Lei ha spesso parlato del suo desiderio di ridare vita agli oggetti, di riportare l'orinatoio di Marcel Duchamp sul muro. Che cosa significa per lei riprodurre le toilette del locale notturno CBGB di Manhattan, come ha fatto alla Chantal Crousel di Parigi (2018), o, ad Arles, ricostruire la galleria newyorchese Gavin Brown? È una sorta di presa in giro di sé stesso?
Mi prendo sempre in giro! Da un lato, si tratta del principio del modello, del fatto di guardare una copia dell'originale. Così ho riprodotto il negozio di ombrelli di Hong Kong in scala, il più fedelmente possibile. Ovviamente non si tratta della realtà, ma di un suo fantasma. Abbiamo memoria degli eventi, degli oggetti a cui abbiamo prestato attenzione. La mostra di Parigi del 2005 si è concentrata su questo, sul fatto che tutti noi creiamo i nostri ricordi, anche di situazioni che non abbiamo visto o vissuto, ma che le parole hanno descritto. È una sorta di inversione tra memoria e realtà.

E che cosa ci dice di «Untitled 2018 (MARCH ON UNTIL IT RAINS GLASS)», il grande dipinto nello stile di Philip Guston che chiude la mostra?
Le cose accadono in momenti particolari, e a volte in opposizione ad altre cose. Mi riferisco al muro che Donald Trump ha fatto costruire al confine tra Messico e Stati Uniti e all'arte impegnata di Philip Guston. Si riferisce anche alla mia situazione personale: devo attraversare muri in continuazione, e mi piace attraversarli... Questo dipinto ci ricorda che dovremmo essere molto più lontani politicamente.

Lei «cucina» la storia dell'arte per farcela mangiare?
Sì, copio le ricette e le porto nel presente! Questa è la posizione di chi non ha il peso della storia dell'arte.Vengo da un luogo in cui non ho alcun attaccamento a queste storie, quindi posso usarle liberamente.

Che ricordi ha dell’Argentina?
Ho lasciato l'Argentina quando avevo 3 anni. Mio padre era un diplomatico, il suo primo lavoro. Mia madre era una giovane dentista, aveva finito gli studi di odontoiatria lì.
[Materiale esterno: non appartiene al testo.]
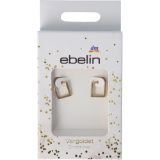 Promotion Bild von ebelin Creolen vergoldet dm 1 Paar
All'inizio degli anni Sessanta, questa era una situazione molto rara per una donna tailandese: proveniva da una stirpe di donne progressiste. Quando ho finito le superiori mio padre era in Canada. È lì che ho iniziato l'università. Mi ha dissuaso dal prendere la sua stessa strada. Avevo viaggiato, ero stata in Africa, ero interessato alla fotografia e volevo diventare fotoreporter. Poi ho scoperto l'arte e la storia dell'arte, il «Quadrato bianco» di Kazimir Malevic [1918] e la «Fontana» di Marcel Duchamp [1917]. Un giorno, in una biblioteca, presi un libro a caso, in cui trovai il nome dell'Ontario College of Art [di Toronto], inviai la mia domanda di ammissione e fui accettato. A New York non conoscevo il «profumo del mondo dell'arte» e ho finito per restarci. Sono entrato nel mondo dell’arte per caso, come di soppiatto.

Dove ha conosciuto Pierre Huyghe, Dominique Gonzalez-Foerster e Philippe Parreno?
Ad «Aperto '93» (la mostra ideata da Helena Kontova e Giancarlo Politi per la 45a Biennale di Venezia nel 1993 diretta da Achille Bonito Oliva, Ndr) e poi a Le Consortium, a Digione. Sono diventati la mia famiglia, i membri di una famiglia circense che si sposta e trascorre del tempo insieme. Le persone vanno e vengono. Per me non c'è stato alcuno sforzo o interesse. Non ho mai visitato uno studio e non ho mai provato a farlo!